Intel® FPGA SDK for OpenCL™ Pro Edition: Programming Guide

ID 683846
Date 6/21/2022
Public

A newer version of this document is available. Customers should click here to go to the newest version.

Document Table of Contents

5.9.1. Matching Data Layouts of Host and Kernel Structure Data Types

If you use structure data types (struct) as arguments in OpenCL™ kernels, match the member data types and align the data members between the host application and the kernel code.

To match member data types, use the cl_ version of the data type in your host application that corresponds to the data type in the kernel code. The cl_ version of the data type is available in the opencl.h header file. For example, if you have a data member of type float4 in your kernel code, the corresponding data member you declare in the host application is cl_float4.

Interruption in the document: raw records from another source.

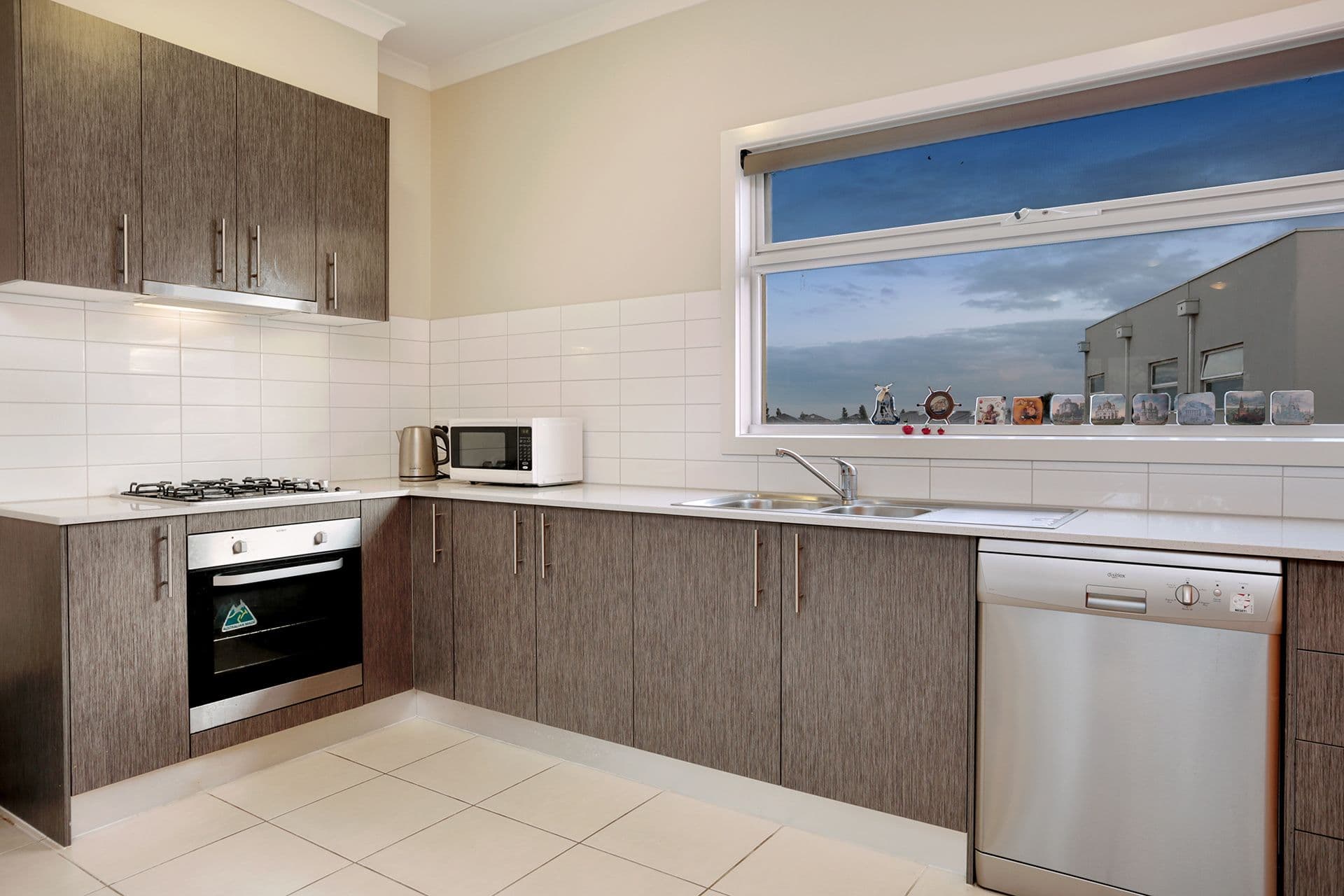 10 Honolulu Drive, Point Cook VIC 3030, Point Cook - Thumbnail 8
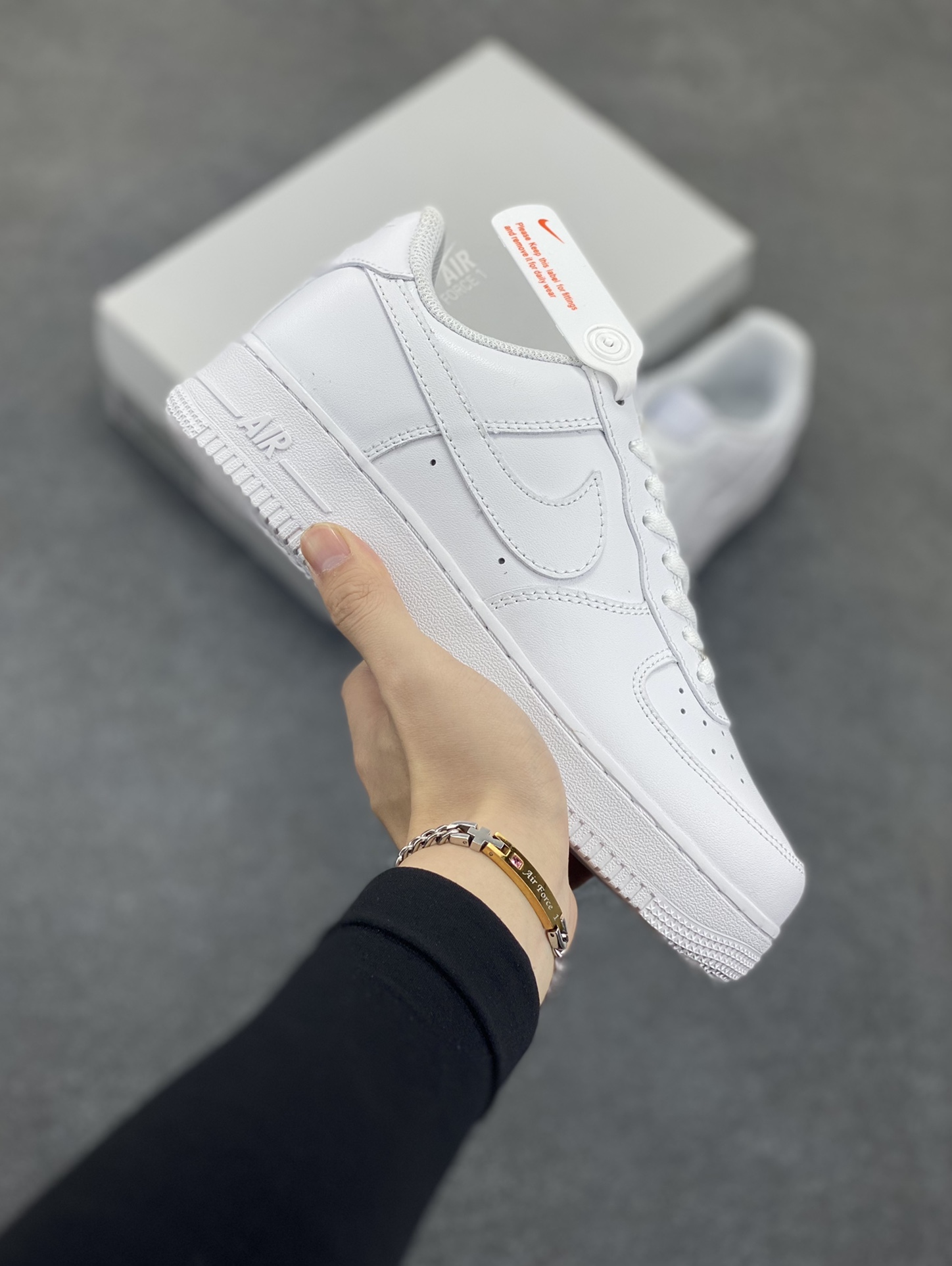 福利特价 Nk Air Force 1 空军全白 纯白色 客供模具、打造最完美空军鞋型 卖了上万双好评无数,欢迎对比 货号:CW2288-111 尺码:35.5 36 36.5 37.5 38 38.5 39 40 40.5 41 42 42.5 43 44 44.5 45 46 47-选品中心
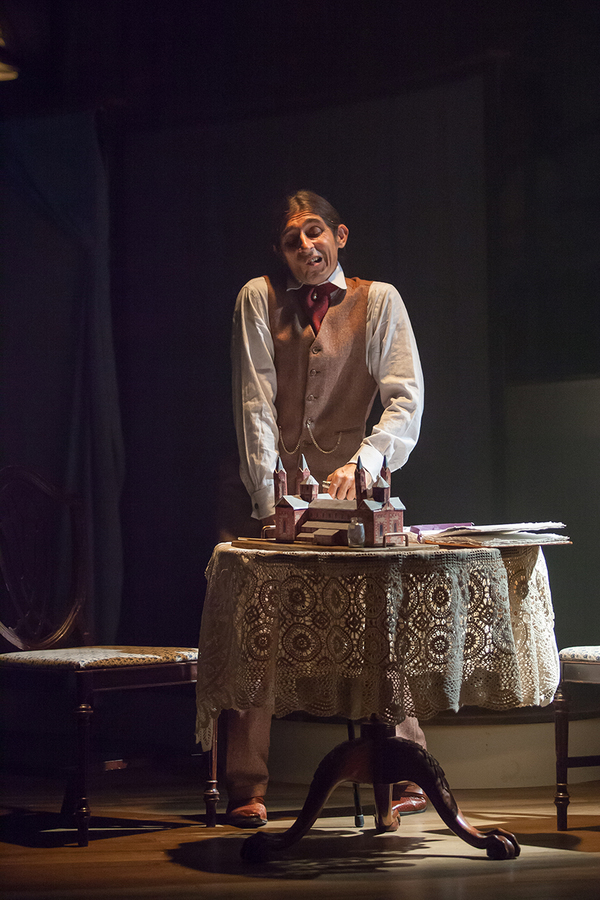 Photo Flash: First Look at Cincinnati Shakespeare's THE ELEPHANT MAN Image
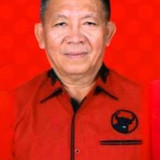 Refli Ngantung Caleg PDIP Minahasa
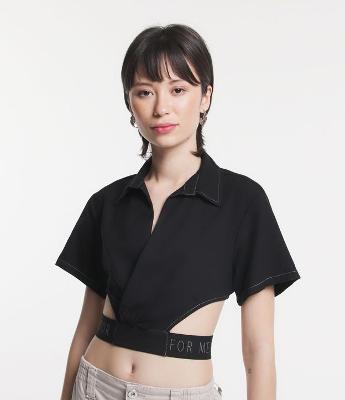 Camisa Cropped com Recortes Vazados e Elástico Estampado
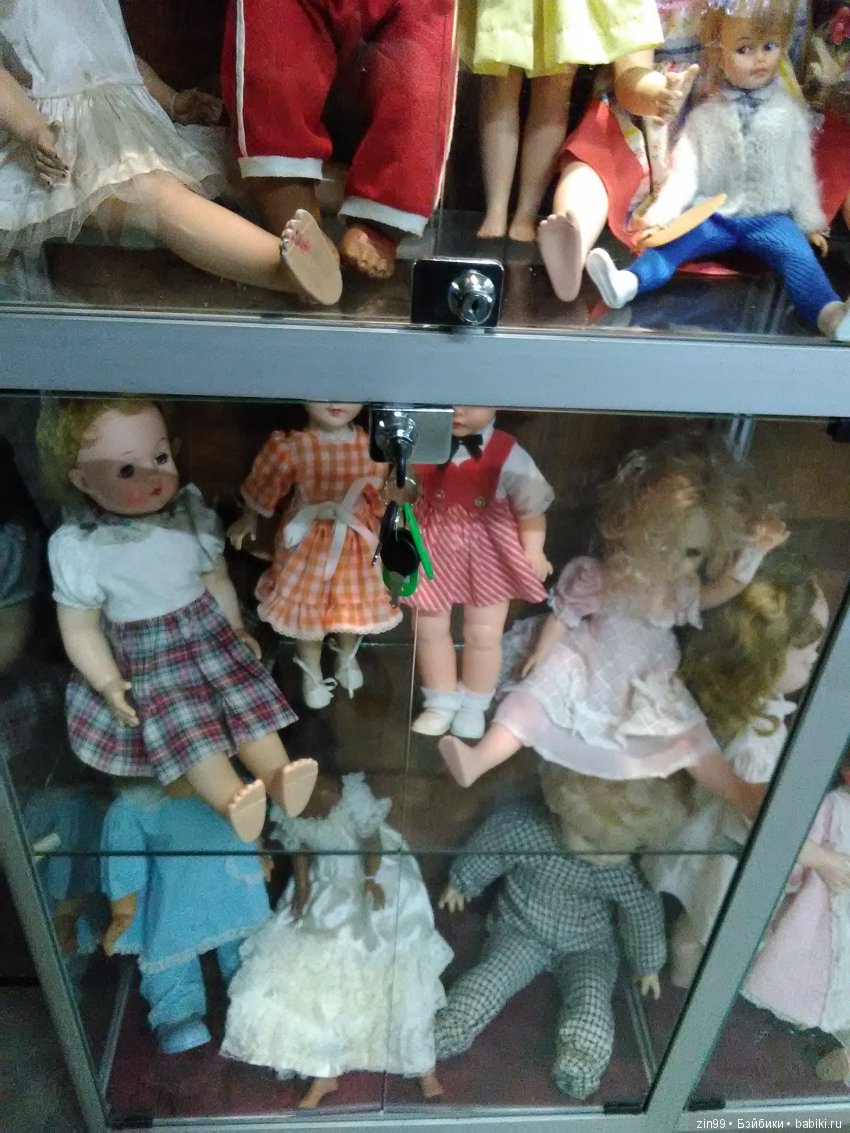 Блошиный рынок "РЕТРО" - завод "Кристалл", сегодня 27 октября 2018 года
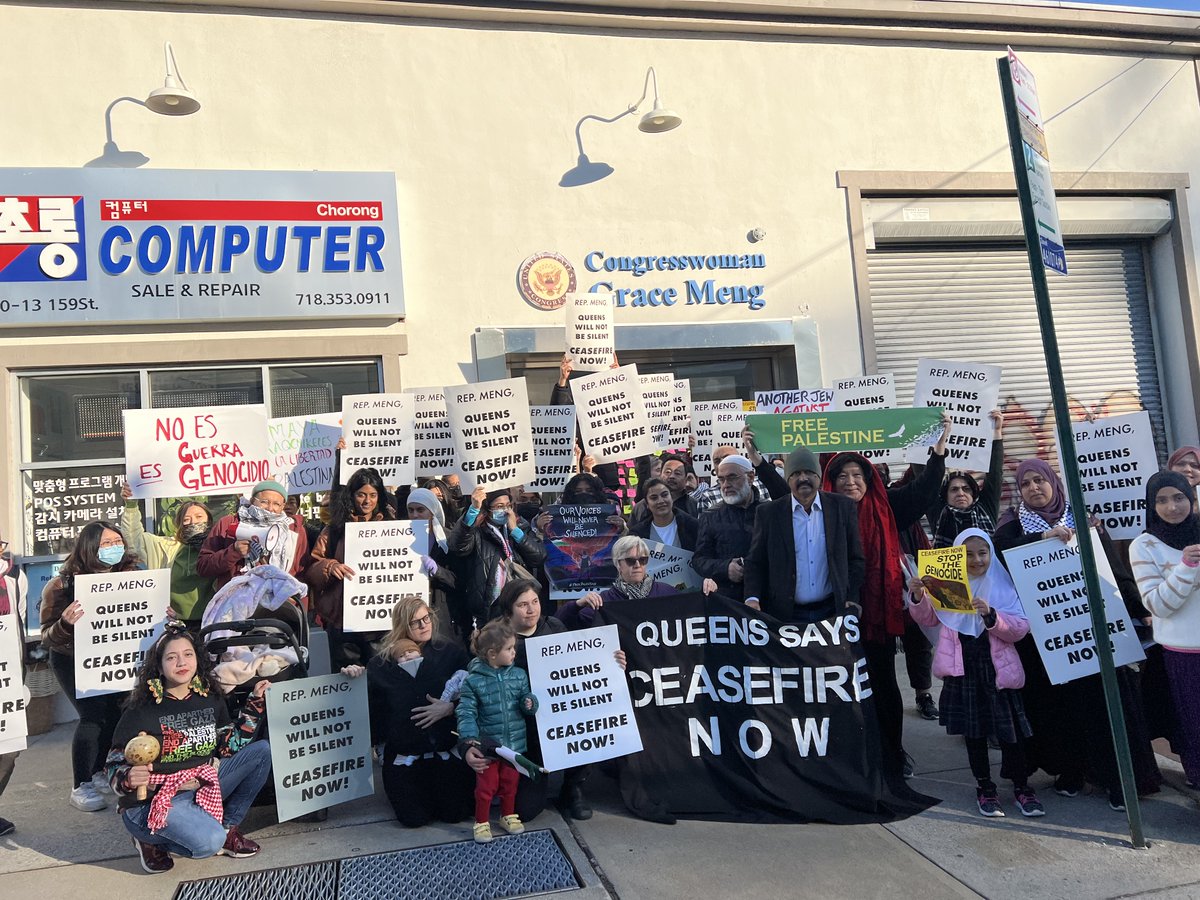 nycDSA's tweet image. Morning: #CeasefireNOW 
Afternoon: #CeasefireNOW
Night: #CeasefireNOW

@RepYvetteClarke, @RepGraceMeng, @RepGregoryMeeks—New Yorkers demand #CeasefireNOW.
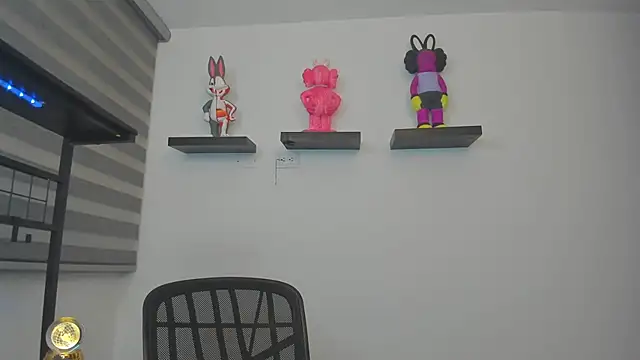 Gangster Girl online show from 6, 7, 2026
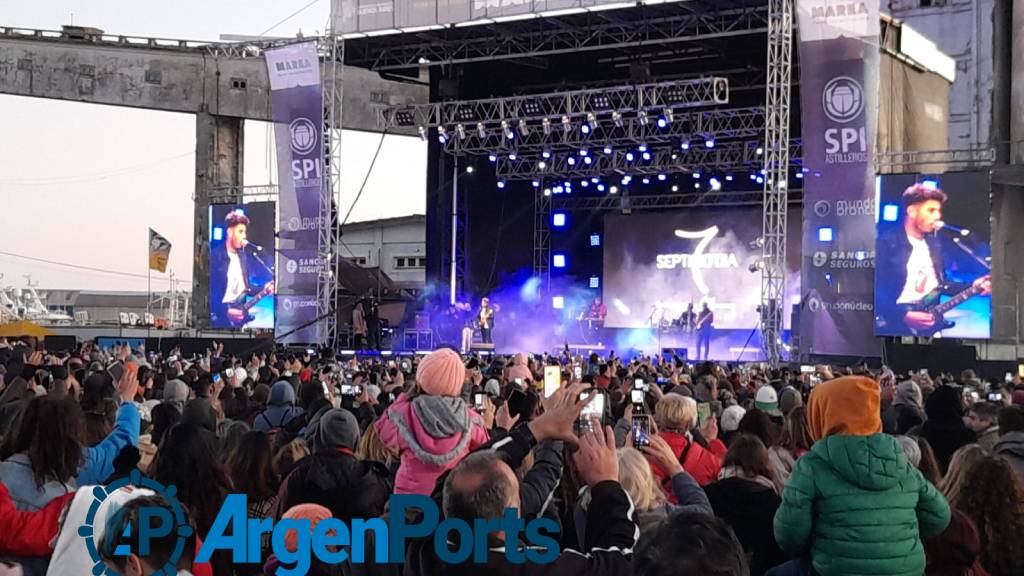 Mar del Plata: Una multitud festejó el centenario de las primeras descargas en el puerto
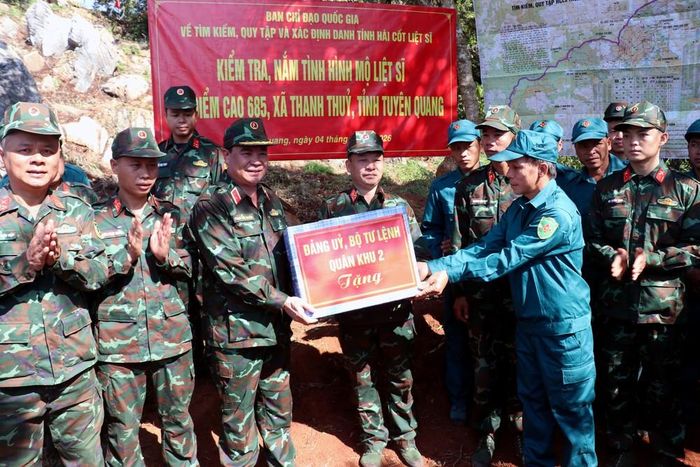 Đại diện Quân khu 2 trao tặng quà, động viên, chia sẻ với đội tìm kiếm hài cốt liệt sĩ tại điểm cao 685 thuộc xã Thanh Thủy, tỉnh Tuyên Quang. Ảnh: Đức Thọ - TTXVN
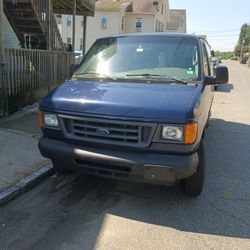 2007 Ford Econo E150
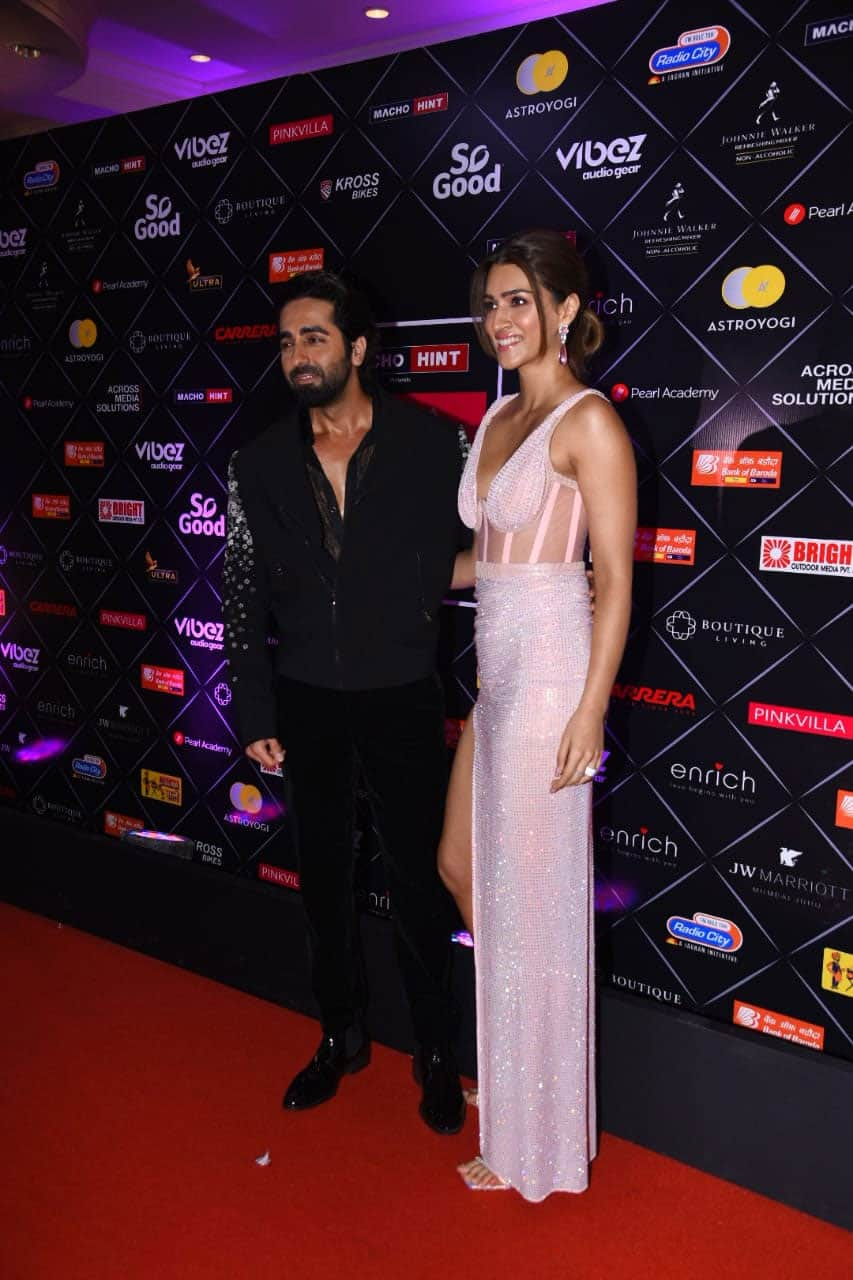 Ayushmann Khurrana poses with Kriti Sanon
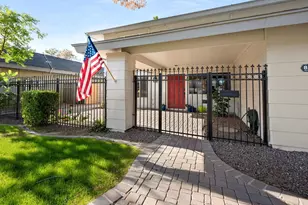 8464 N 7th Ave, Phoenix, AZ 85021 - Photo 4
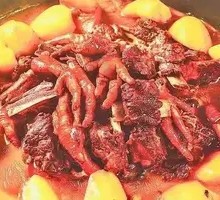Pork Rib and Chicken Claw Hot Pot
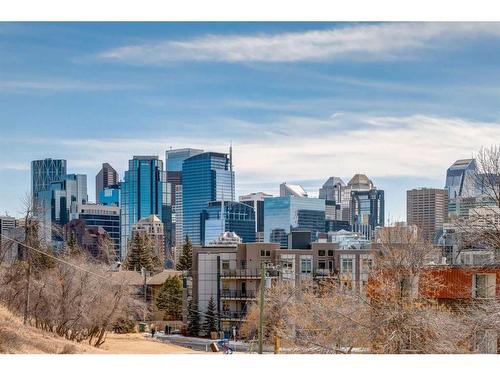 401-728 3 Avenue Nw, Calgary, AB - Outdoor With View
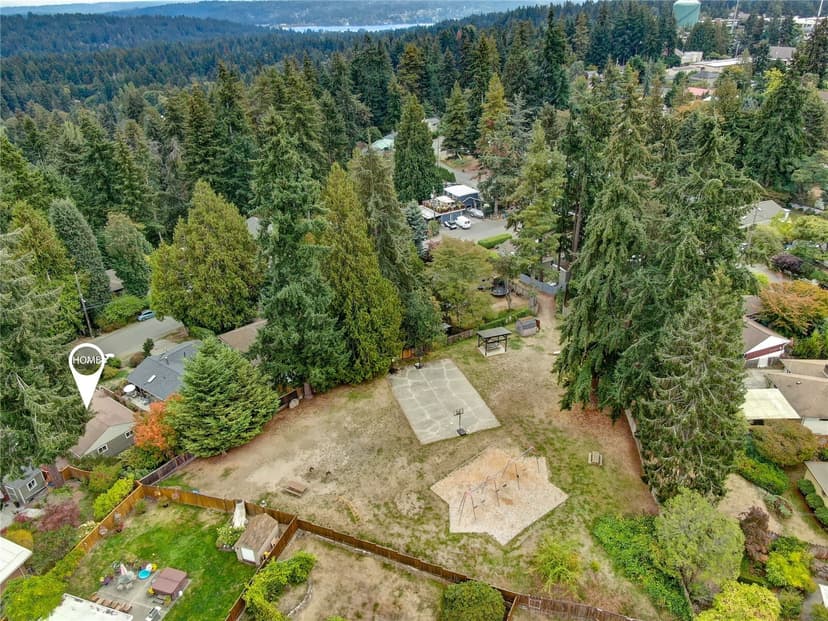Property photo for 18739 12th Avenue NE, Shoreline photo 24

Align the structures and align the struct data members between the host and kernel applications. Manage the alignments carefully because of the variability among different host compilers.

For example, if you have float4 OpenCL data types in the struct, the alignments of these data items must satisfy the OpenCL specification (that is, 16-byte alignment for float4).

The following rules apply when the Intel® FPGA SDK for OpenCL™ Offline Compiler compiles your OpenCL kernels:

  1. Alignment of built-in scalar and vector types follow the rules outlined in Section 6.1.5 of the OpenCL Specification version 1.0.

    The offline compiler usually aligns a data type based on its size. However, the compiler aligns a value of a three-element vector the same way it aligns a four-element vector.

  2. An array has the same alignment as one of its elements.
  3. A struct (or a union) has the same alignment as the maximum alignment necessary for any of its data members.

    Consider the following example:

    struct my_struct
    {
        char data[3];
        float4 f4;
        int index;
    };

    The offline compiler aligns the struct elements above at 16-byte boundaries because of the float4 data type. As a result, both data and index also have 16-byte alignment boundaries.

  4. The offline compiler does not reorder data members of a struct.
  5. Normally, the offline compiler inserts a minimum amount of data structure padding between data members of a struct to satisfy the alignment requirements for each data member.
    1. In your OpenCL kernel code, you may specify data packing (that is, no insertion of data structure padding) by applying the packed attribute to the struct declaration. If you impose data packing, ensure that the alignment of data members satisfies the OpenCL alignment requirements. The Intel® FPGA SDK for OpenCL™ does not enforce these alignment requirements. Ensure that your host compiler respects the kernel attribute and sets the appropriate alignments.
    2. In your OpenCL kernel code, you may specify the amount of data structure padding by applying the aligned(N) attribute to a data member, where N is the amount of padding. The SDK does not enforce these alignment requirements. Ensure that your host compiler respects the kernel attribute and sets the appropriate alignments.

      For Windows systems, some versions of the Microsoft Visual Studio compiler pack structure data types by default. If you do not want to apply data packing, specify an amount of data structure padding as shown below:

      struct my_struct
      {
          __declspec(align(16)) char data[3];
      
          /*Note that cl_float4 is the only known float4 definition on the host*/
          __declspec(align(16)) cl_float4 f4;
          
          __declspec(align(16)) int index;
      };
      
      Tip: An alternative way of adding data structure padding is to insert dummy struct members of type char or array of char.